China just re-shaped the future of the global car market - toomuchtodo
https://threadreaderapp.com/thread/1086274497156546560.html
======
StudentStuff
The future is bleak for car companies. Wealth stratification means the upper
quartile that used to buy Mercedes, BMW, Lexus, Acura & Audis has shrank to
the upper 10%, reducing the pool of buyers that upmarket car makers target.

Meanwhile, the remaining 90% are getting poorer as time goes on, meaning they
won't be buying new cars as often (or at all), and they will spend less.
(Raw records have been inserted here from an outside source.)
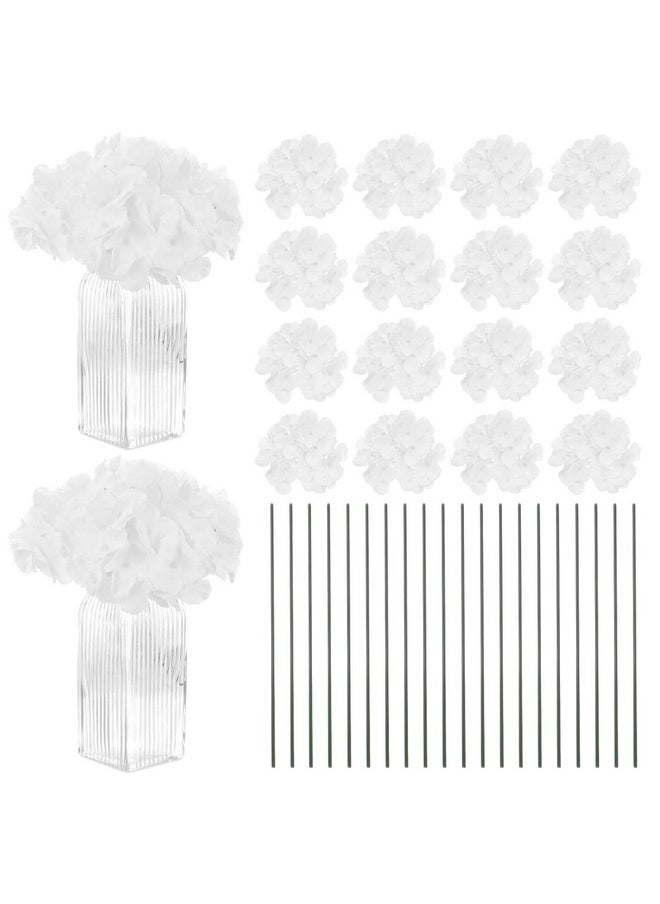 M METERXITY M METERXITY 40-Pack Silk Hydrangea Flowers, Artificial Flowers Heads with 40pcs Stems, Full Hydrangea Flowers for Home Decor/Wedding/Christmas/DIY/Party/Garden [White]  - Image 1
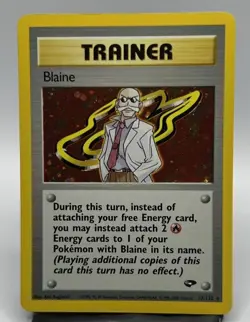 Blaine 100/132 Rare Trainer Non-Holo Gym Challenge Pokemon TCG NM - Image 1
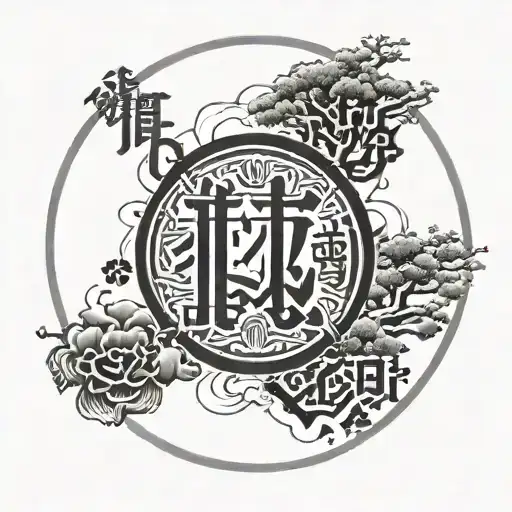Enzo Circle With The Word Family In Japanese Kanji In The Center
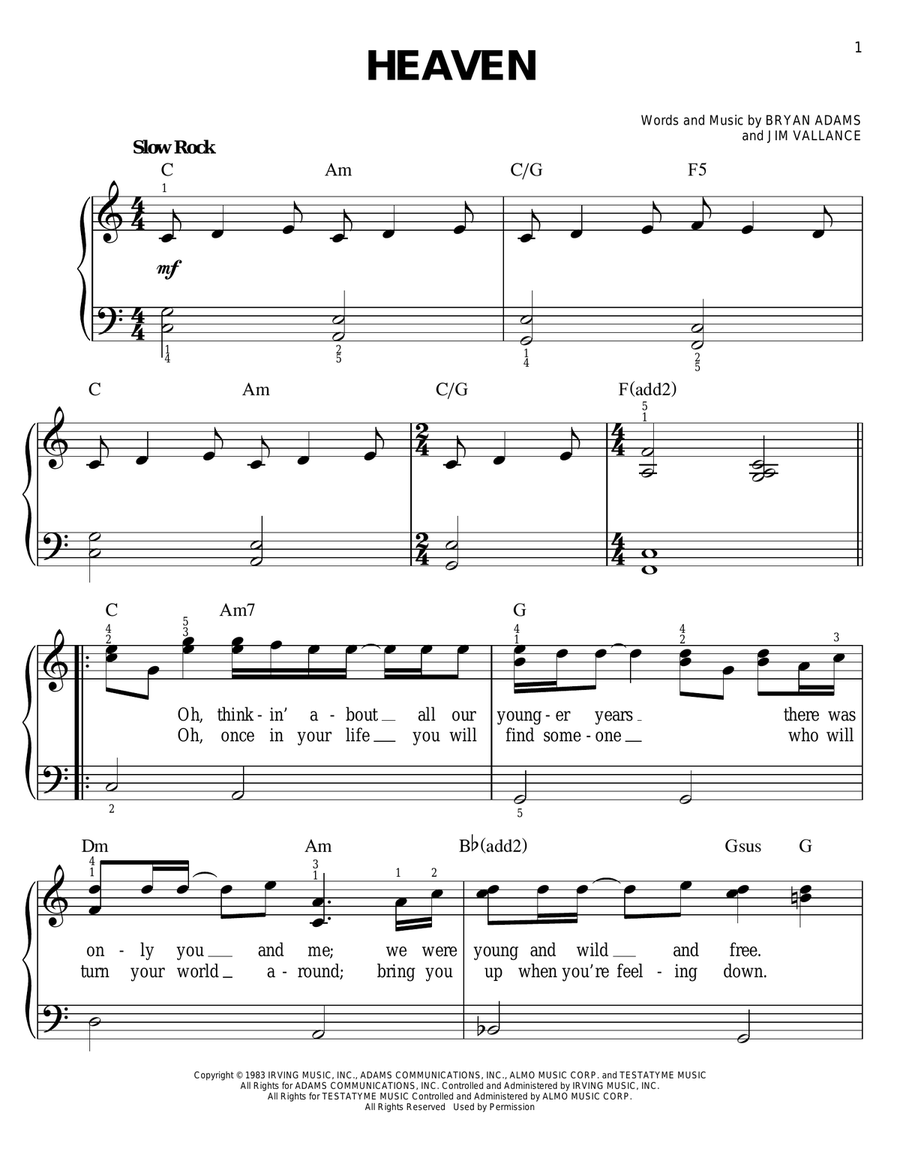 Heaven Easy Piano scores gallery preview page 1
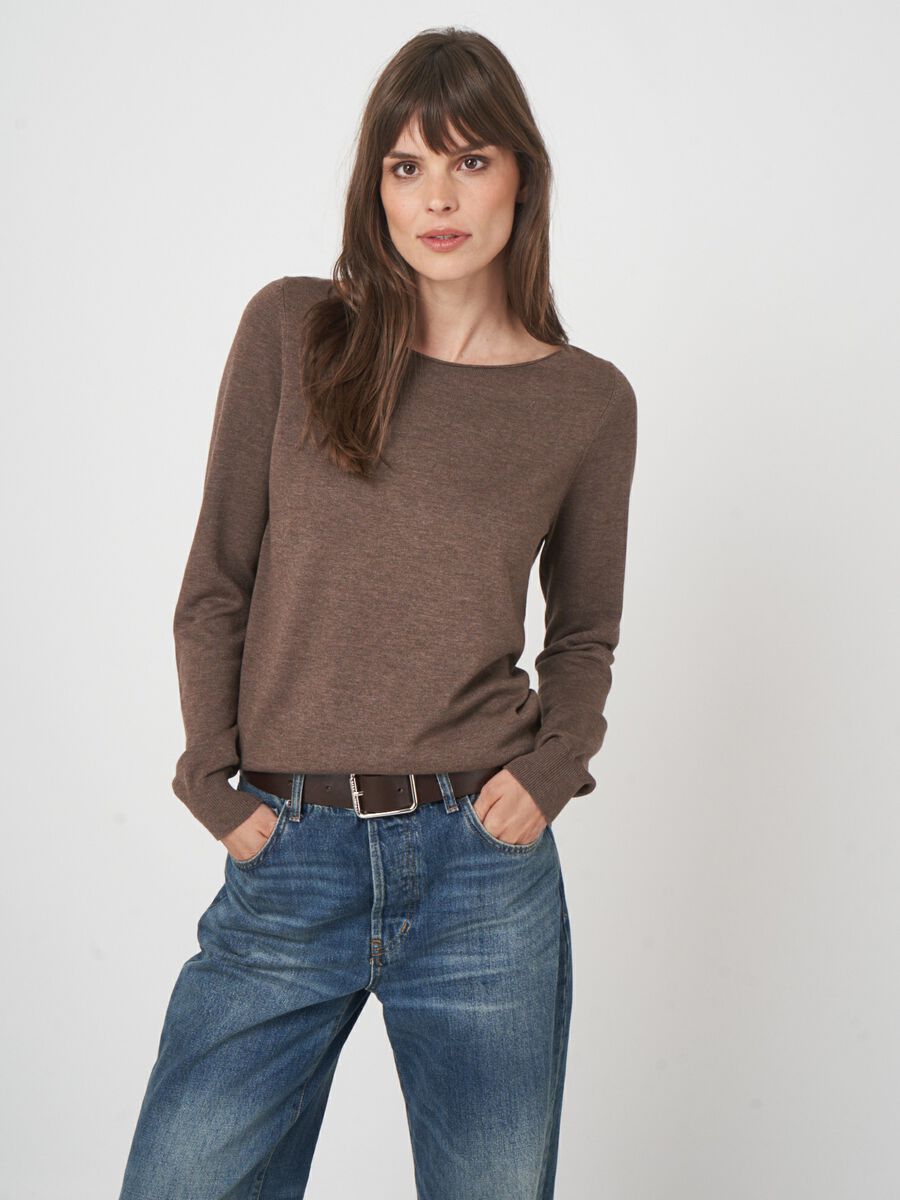 Basic long sleeve pullover in cotton blend image number 0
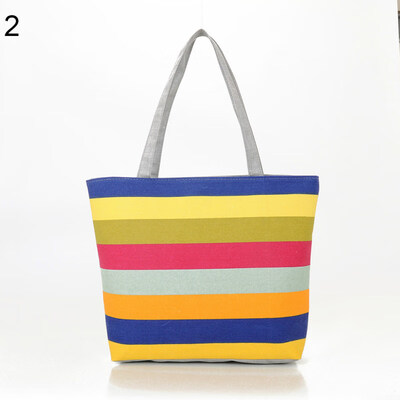 

Fashion Canvas Striped Rainbow Prints Shoulder Tote Bag Women Casual Handbag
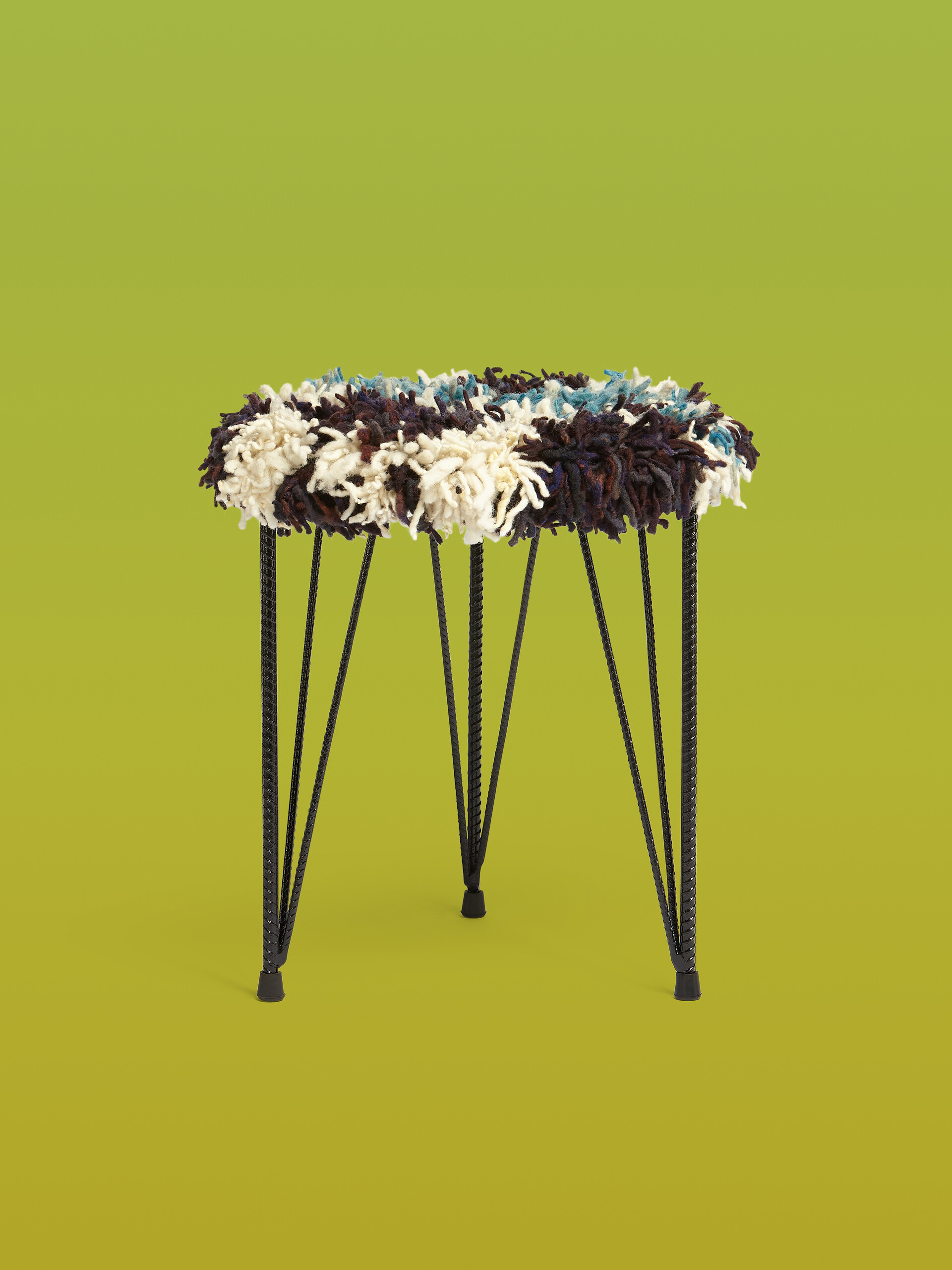 MARNI MARKET stool in iron multicolor grey wool - Furniture - Image 1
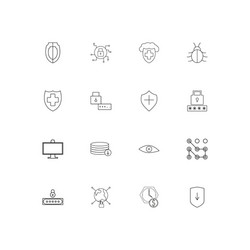 Internet security simple linear icons set vector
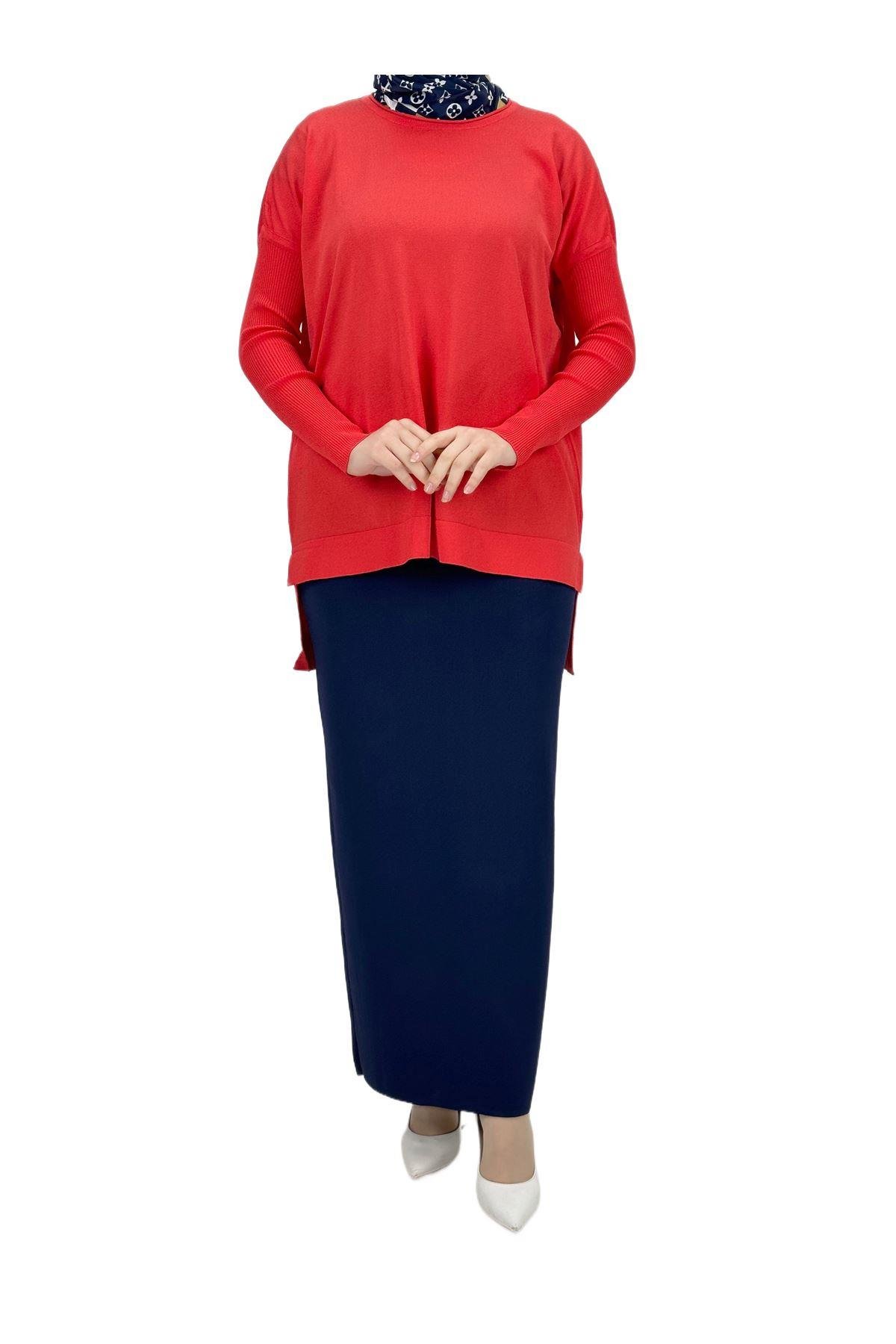OTW1929 Merserize Triko Bluz Mercan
With that in mind, its no wonder the low end of the eBike market is growing. A
52v, 14ah battery (about 8 miles of range without pedaling in hilly Seattle)
is $400, and you can build a fine eBike for about $800, less if you buy a used
frame & motor/controller.

Said $800 eBike will survive much longer than a $750 car, and with fewer
hidden costs (regular maintenance, fuel, tabs, tickets, impound fees, etc). If
your poor in suburbia, your no longer stuck with the choice of a sketchy car
or an unreliable bus (that provides lifeline, hourly service) and you can make
it to your local commuter train/BRT in dedicated lanes in minutes, bypassing
traffic and parking issues at park & rides.